Betty, ağlayan çocuğun karşısına oturdu ve sakince “Lia, annen cezalandırılmayacak. Hastalığı için tedavi olacak. Leydi hazretleri kötü biri değil. Sadece biraz kızgın, bu yüzden Laura’yı kurtarmak için onun sözünü dinlemelisin.”
Lia, ellerinin tersi ile gözlerini sildi ve yüzünü bu kibar sese çevirdi.
“Bu annemin adı… annemi tanıyor musun?”
“Tabii ki tanıyorum. Burası senin babanın malikanesi sonuçta.”
“…Babamın mı?”
Betty onayladı ve duvarı işaret etti. İşte o an Lia kocaman portreyi gördü: altın sarısı saçları ve zümrüt yeşili gözleri olan bir adam, bir salon takımının içinde centilmence duruyordu. Benzerlik o kadar açıktı ki resim sanki canlı gibiydi.

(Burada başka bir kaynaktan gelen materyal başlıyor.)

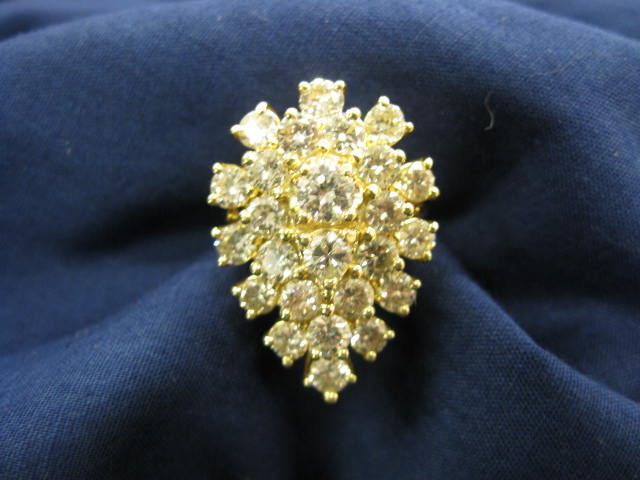 Diamond Ring pear shape cluster of 25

‘Saçların ve gözlerin aynı babanınki gibi, Lia.’
Gözleri o resme değdiği anda onun kim olduğunu biliyordu. Yakındaki loş bir lambanın ışığı, portredeki adamınkiler kadar zümrüt yeşili parlayan gözlerine yansıdı. O anda başına tam olarak ne geldiğini anladı. Annesinin markizden çaldığı iddia edilen şey bir nesne değil bir insandı. Başını çevirdi ve pencereye vuran yansımasını gördü. Kabaca kesilmiş bir saç, artık kadınsı durmayan cılız bir vücut.
“Camellius Bale.” Lia bu yabancı ismi mırıldanırken kafasını dizlerine gömdü.